Exercise data START

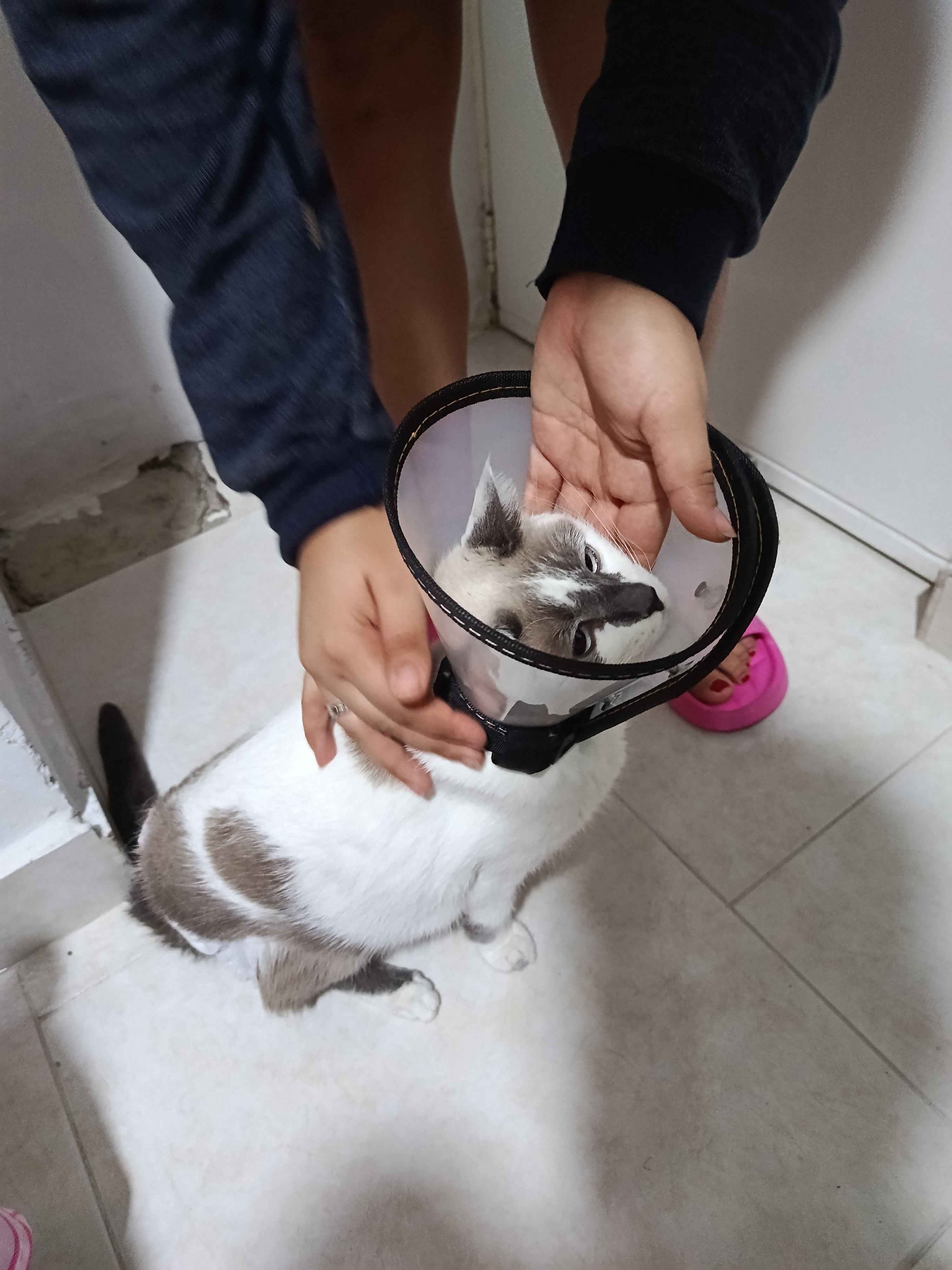 Help Little Stuart Recover from Severe Triaditis campaign photo, 2 of 6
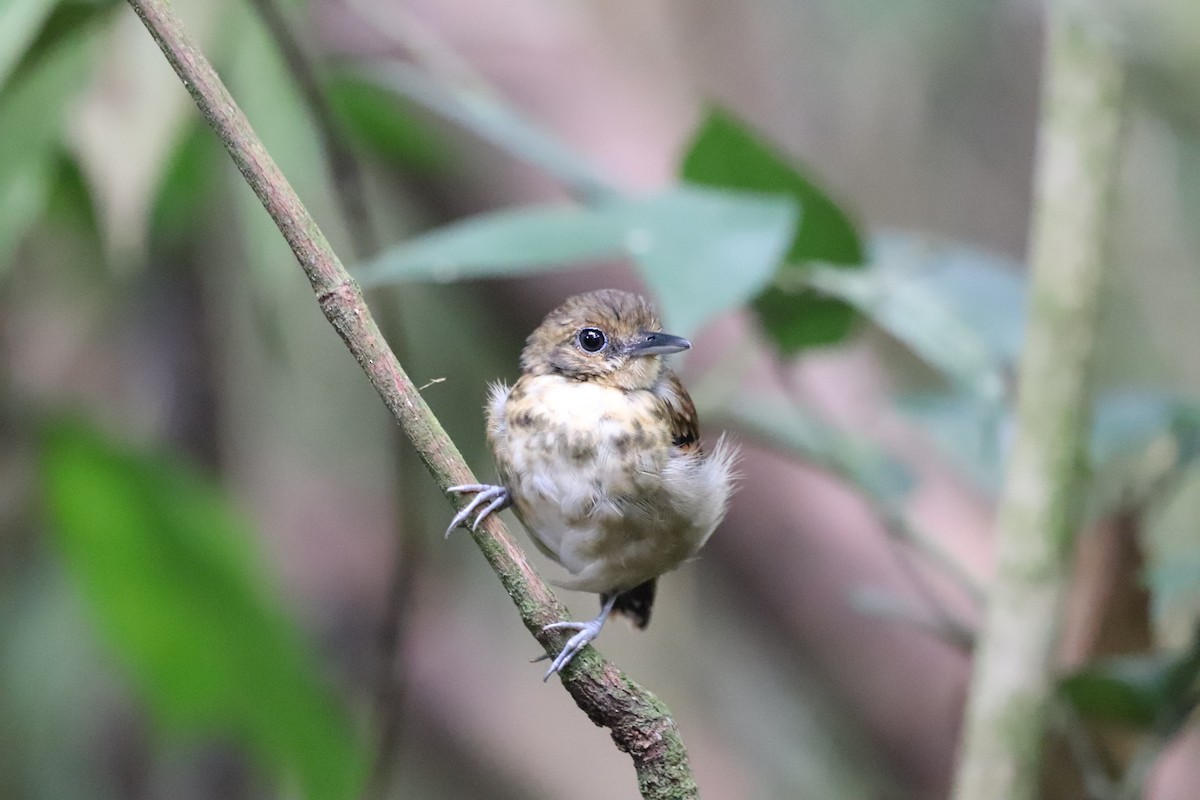 Spotted Antbird - ML641115884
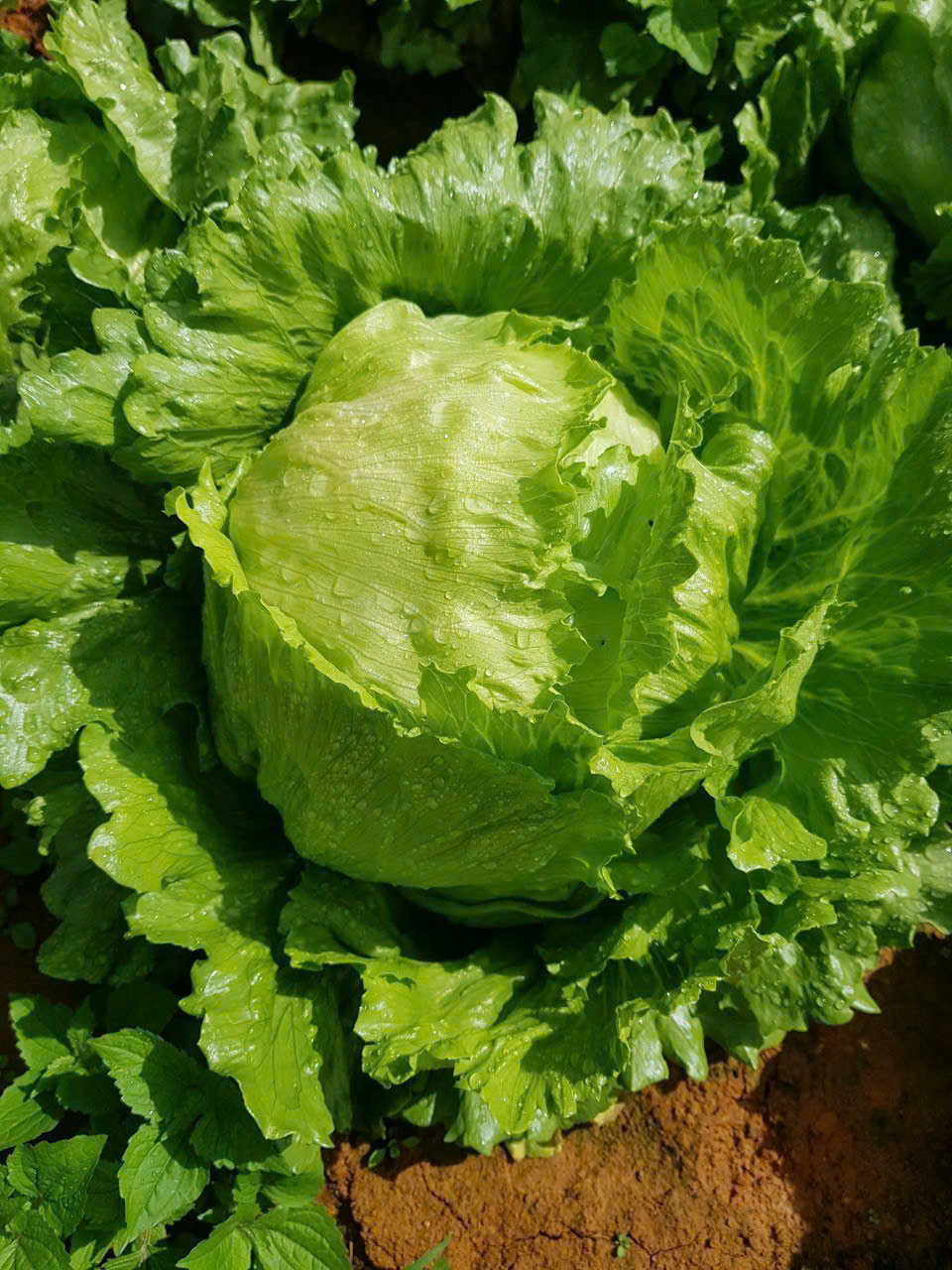 Lettuce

Exercise data END

- Exercise directions
Without altering anything, output all the lines above but none of the images.

- Exercise response
 Help Little Stuart Recover from Severe Triaditis campaign photo, 2 of 6
 Spotted Antbird - ML641115884
 Lettuce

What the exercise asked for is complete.